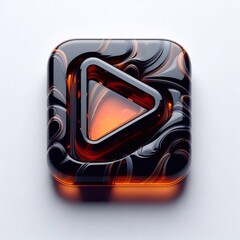 Wall Mural - Play button made of Obsidian blend with orange glass. AI generated illustration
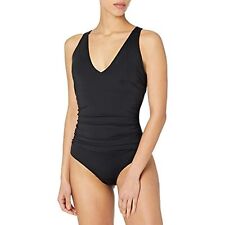 MSRP $88 Anne Cole V Neck One Piece Black Size 6 picture
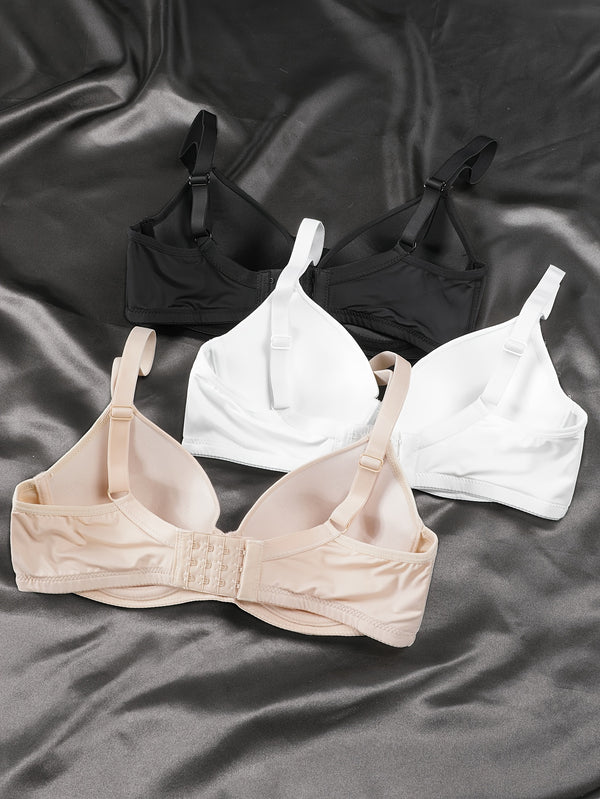 3pcs Seamless Solid Underwire Push Up Bra Set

◆ ◆ ◆ ◆

## EXERCISE INSTRUCTIONS
The whole listing above is to be printed exactly; the pictures stay out.

## REPLY
 Wall Mural - Play button made of Obsidian blend with orange glass. AI generated illustration
 MSRP $88 Anne Cole V Neck One Piece Black Size 6 picture
 3pcs Seamless Solid Underwire Push Up Bra Set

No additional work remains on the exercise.